Diese Kritik blieb nicht ohne Wirkung. Die Behindertensprecherinnen und -sprecher Regierungsparteien, Dr. Helene Partik-Pablé (FPÖ) und Dr. Franz-Joseph Huainigg (ÖVP) brachten – in Kenntnis der drohenden massiven Kritik der Behindertenorganisationen – am 22. September 2004 einen Antrag ein, in dem es heißt: „Die Antragsteller wollen klarstellen, dass diese technische Ausgliederung aus dem Behindertengleichstellungsgesetz nicht bedeutet, dass die Frage der Anerkennung der Gebärdensprache unerledigt bleiben soll“.
Begründet wurde das Streichen aus dem Entwurf des Behindertengleichstellungsgesetzes damit, dass „im Rahmen der Vorbegutachtung wurde aber von mehreren Seiten eingewendet wurde, dass aus rechtssystematischen Gründen eine Regelung im Bundesverfassungsgesetz geschehen sollte“.
Partik-Pablé und Huainigg beantragen weiters: „Der Bundeskanzler wird ersucht, dem Nationalrat einen Entwurf zur Änderung des Bundes-Verfassungsgesetzes zuzuleiten, mit dem die Österreichische Gebärdensprache anerkannt wird.“
Auch die Behindertensprecherin der GRÜNEN, Theresia Haidlmayr brachte einen Antrag auf Anerkennung der Österreichischen Gebärdensprache ein. Sie führte – leicht genervt – aus: „ich habe ihn zum ersten Mal im November 1999 gestellt; dazwischen immer wieder“.
Sie weist darauf hin, dass ÖVP und FPÖ in dieser Frage nicht glaubwürdig sind: „Es wurde uns zuerst versprochen, dass die Gebärdensprache als Teil des Behindertengleichstellungsgesetzes als Recht zustande kommen soll. Jetzt ist aber dieser Punkt aus dem Behindertengleichstellungsgesetz wieder gestrichen worden.“
Sie kritisiert den Antrag von Partik-Pablé und Huainigg massiv: „Es bringt doch nichts, wenn wir jetzt einen Entschließungsantrag verabschieden, sodass ein Vorschlag dann irgendwann einmal und vielleicht von den Regierungsparteien kommt, wenn darin kein Zeithorizont enthalten ist! Dann warten gehörlose Menschen doch auf den Sankt-Nimmerleins-Tag, bis ihre Sprache anerkannt wird!“
Wer nun glaubt, dass sich Bundeskanzler Dr. Wolfgang Schüssel (ÖVP) der Sache annimmt, der irrt. Zunächst wurde der Antrag einmal dem Verfassungsausschuss zugewiesen. Partik-Pablé verspricht in diesem Zusammenhang im Parlament: „Ich persönlich werde mich dafür einsetzen, dass möglichst bald – in einer der nächsten oder schon in der nächsten Sitzung des Verfassungsausschusses – dieser Entschließungsantrag, den wir heute eingebracht haben, debattiert wird und zur Abstimmung kommt.“
Doch es kam – einige werden zurecht sagen „nicht überraschend“ – anders. Statt einen Schritt Richtung Anerkennung zu gehen, entschied sich der Verfassungsausschuss am 19. Oktober 2004 die Anträge an einen Unterausschuss weiterzuleiten.

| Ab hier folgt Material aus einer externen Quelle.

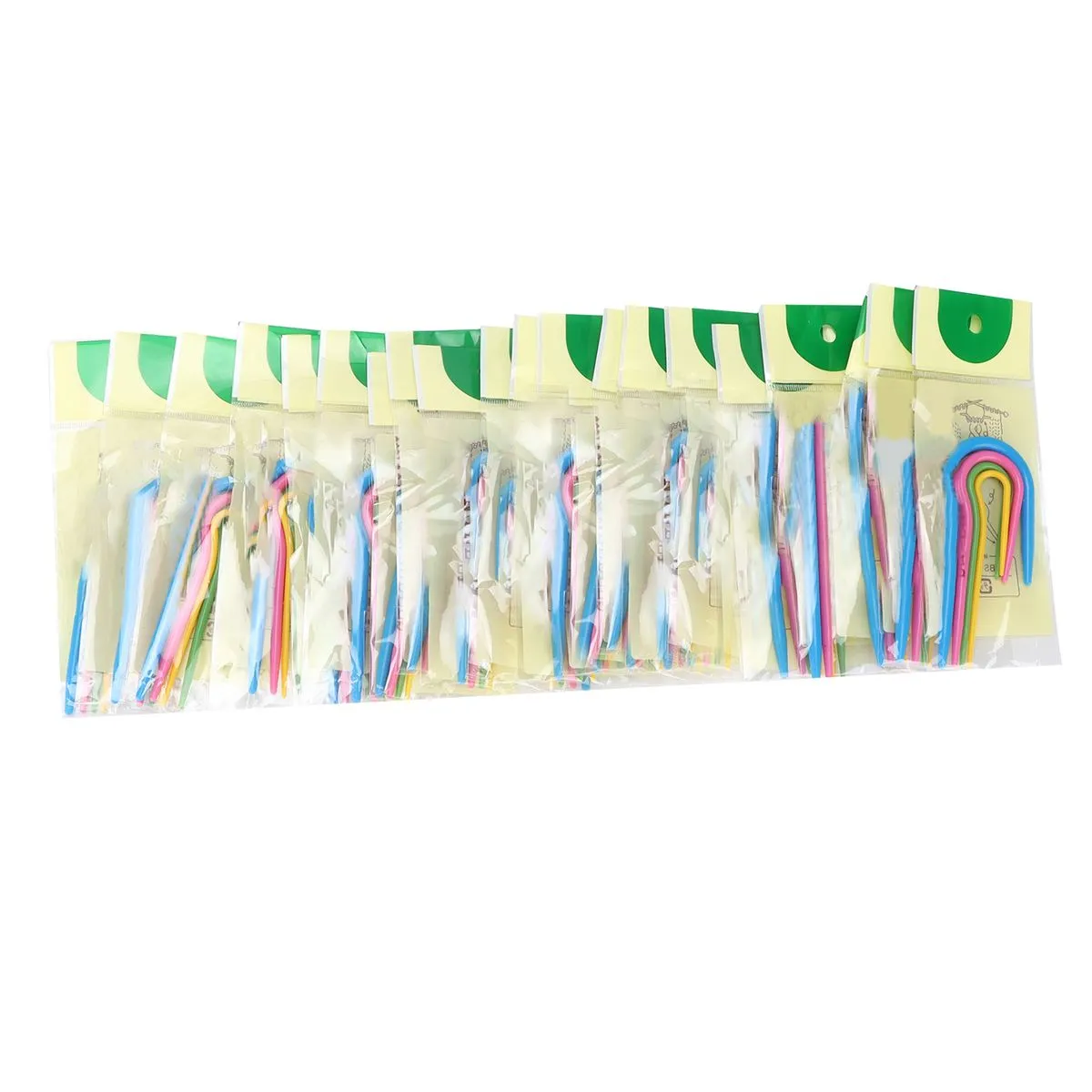 Curved Crochet Hooks 4 Sizes for Knitting Hats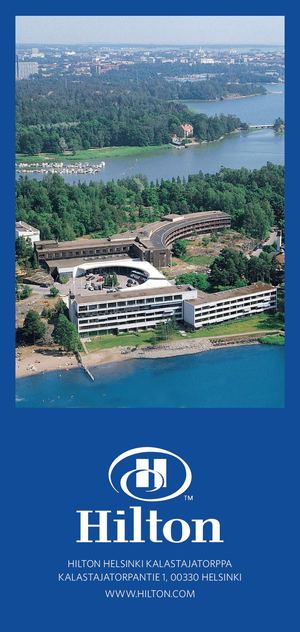 Hilton Helsinki Kalastajatorppa 3rd Edition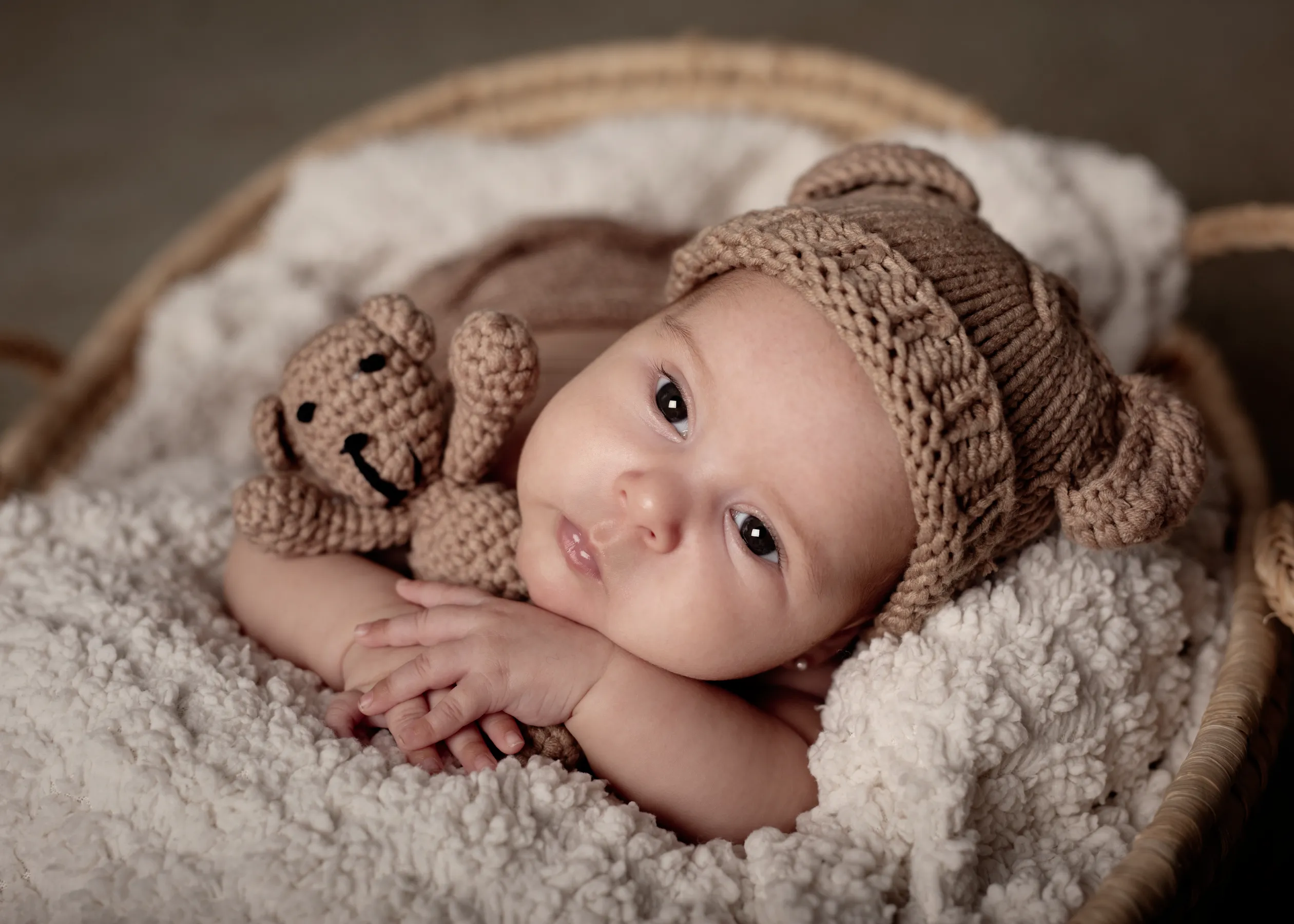 Sesiones de fotografía de newborn o recién nacido en Santander - Estudio Gema Retortillo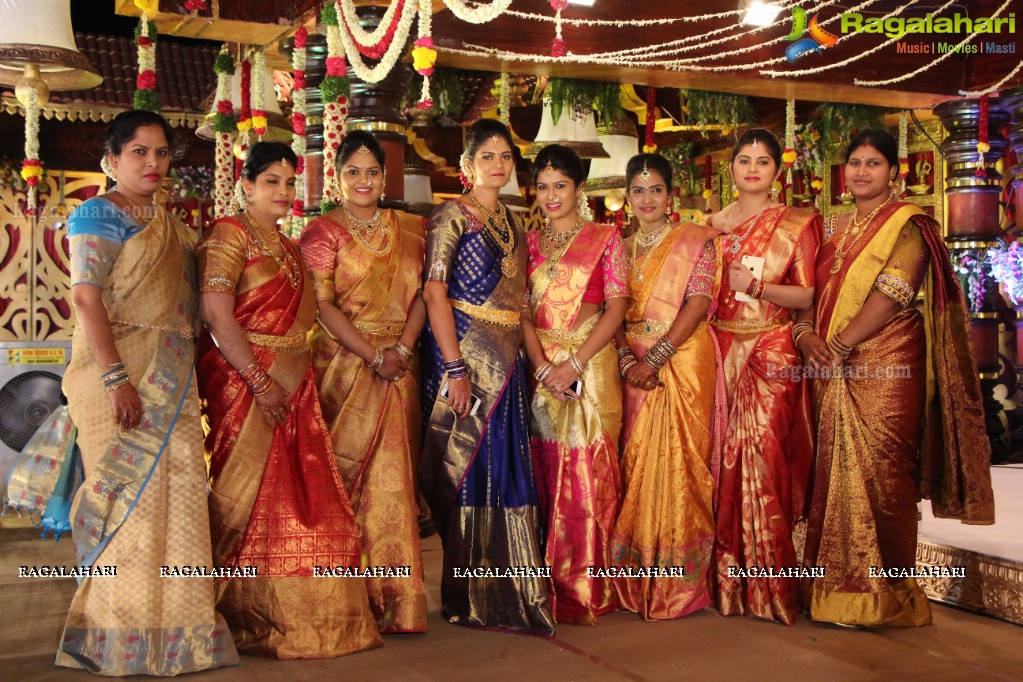 MLA Talasani Srinivas Brother's Son Wedding Ceremony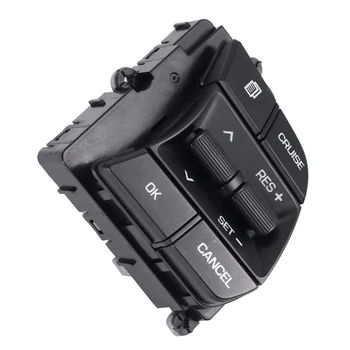 2X Переключатель Кнопки Круиз-Контроля На Правом Рулевом Колесе Автомобиля Для Hyundai Sonata 9 LF 16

Dieser Unterausschuss des Verfassungsauschusses hat bisher genau zwei Mal getagt. Die erste Sitzung fand am 9. Juli 2003 statt und hat – erraten – die Anerkennung der Österreichischen Gebärdensprache zum Thema. Ein Jahr später – am 1. Juli 2004 tagte der Unterausschuss und hielt ein Hearing zur Anerkennung der Gebärdensprache ab. Nun vermeldet die Parlamenthomepage: „In der Sitzung vom 1. Juli 2004 wurde kein neuer Termin vereinbart!“
Doch so neu ist das Spiel nicht. Schon am 13. April 2000 setzte der Verfassungsausschuss einen Unterausschuss ein, damit – erraten – die Anerkennung der Österreichischen Gebärdensprache in Ruhe besprochen werden kann. Es war allerdings so ruhig, dass außer der Konstituierung des Ausschusses nichts mehr passiert. Halt doch: Die Parlamentshomepage vermeldete: „In der Sitzung vom 24.05.2000 wurde kein neuer Termin vereinbart!“
Zeit der Ehrlichkeit?
Langsam wäre es an der Zeit ehrlich zu sagen, was ÖVP und FPÖ in dieser Frage wirklich vorhaben. Soll – wie seit 13. April 2000 – auch die nächsten Jahre ein Antrag nach dem anderen geschrieben werden, um sie dann möglichst vielen Ausschüssen zuzuweisen, die wiederum keine inhaltliche Entscheidung treffen, oder werden sie endlich tätig?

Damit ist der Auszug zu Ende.